There can be no question but that one accused of a felony is entitled to the assistance of counsel. (Gideon v. Wainwright, 372 U.S. 335, 9 L.ed.2d 799, 83 S.Ct. 792.) However, this right may be waived (People v. Robinson, 27 Ill.2d 289; People v. Kenzik, 22 Ill.2d 567) and the right of a defendant to represent himself when the choice is intelligently made is as fundamental as his right to be represented by counsel. (People v. Sinko, 21 Ill.2d 23.) A finding of waiver is not lightly to be made (Moore v. Michigan, 355 U.S. 155, 161, 2 L.ed.2d 167, 78 S.Ct. 191, 195) and the record must show that an accused was offered counsel and that he intelligently and understandingly rejected the offer. (Carnley v. Cochran, 369 U.S. 506, 516, 8 L.ed.2d 70, 82 S.Ct. 884, 890; Johnson v. Zerbst, 304 U.S. 458, 464, 82 L.ed. 1461, 58 S.Ct. 1019, 1023.) In order that the court may be sure that an accused fully understands his right to counsel and intentionally relinquishes that right, something more than a routine inquiry by the court is required. (Von Moltke v. Gillies, 332 U.S. 708, 724, 92 L.ed. 309, 68 S.Ct. 316, 323.) However, once an accused has been adequately advised of his right to counsel and has intentionally and knowingly waived that right, the constitution does not force a lawyer upon him. Moore v. Michigan, 355 U.S. 155, 161, 2 L.ed.2d 167, 78 S.Ct. 191, 195; Adams v. United States, 317 U.S. 269, 279, 87 L.ed. 268, 63 S.Ct. 236, 242.
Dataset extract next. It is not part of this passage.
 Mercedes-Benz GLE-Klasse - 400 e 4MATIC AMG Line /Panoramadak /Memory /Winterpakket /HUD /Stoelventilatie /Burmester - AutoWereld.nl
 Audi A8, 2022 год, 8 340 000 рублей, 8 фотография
When examined in the light of these principles, we believe that it is clear that the defendant's waiver of counsel in this case was knowingly and intelligently made. It is apparent that the court took great pains to impress upon the defendant the advisability of having counsel by pointing out various problems which might arise with which the defendant might not be familiar. Short of forcing counsel upon the defendant in the face of his repeated request that he be allowed to represent himself, we see nothing which the trial judge could have done to further protect the defendant's constitutional rights. The defendant argues that before he could validly waive the appointment of counsel the court should have appointed an attorney for him to explain his right to counsel. No authority is cited for this proposition and a similar contention was rejected in Adams v. United States, 317 U.S. 269, 87 L.ed. 268, 63 S.Ct. 236, where it was held that one could waive trial by jury without the advice of counsel. Moreover, the argument advanced by the defendant is not available here. It appears that counsel had been appointed to represent the defendant and the attorney stated to the court that he had conferred with the defendant on various aspects of trial procedure. In our opinion the trial court's action in permitting the defendant to conduct his own defense did not deprive the defendant of his constitutional right to assistance of counsel and was not error.
In addition to the claim which we have discussed, the defendant argues that the trial court erred in denying his request for a free transcript. The petition for the transcript was filed more than one year after the date of the defendant's conviction. Although the reason for the trial court's denial of the petition does not appear, we presume that it was denied because it was not filed within 100 days of the judgment of conviction. In view of the fact that the defendant was not represented by counsel and in the absence of any showing that he was advised of his right to obtain a free transcript by filing a petition within 100 days of the judgment of conviction, we are of the opinion that the trial court should have ordered a free transcript prepared for use on this appeal. (Shockey v. Illinois, 375 U.S. 22, 11 L.ed.2d 43, 84 S.Ct. 83.) The circuit court of Macon County is therefore directed to enter an order providing that the court reporter furnish the defendant with a transcript of the proceedings at his trial without cost to him. We retain jurisdiction of the appeal pending the filing of the transcript.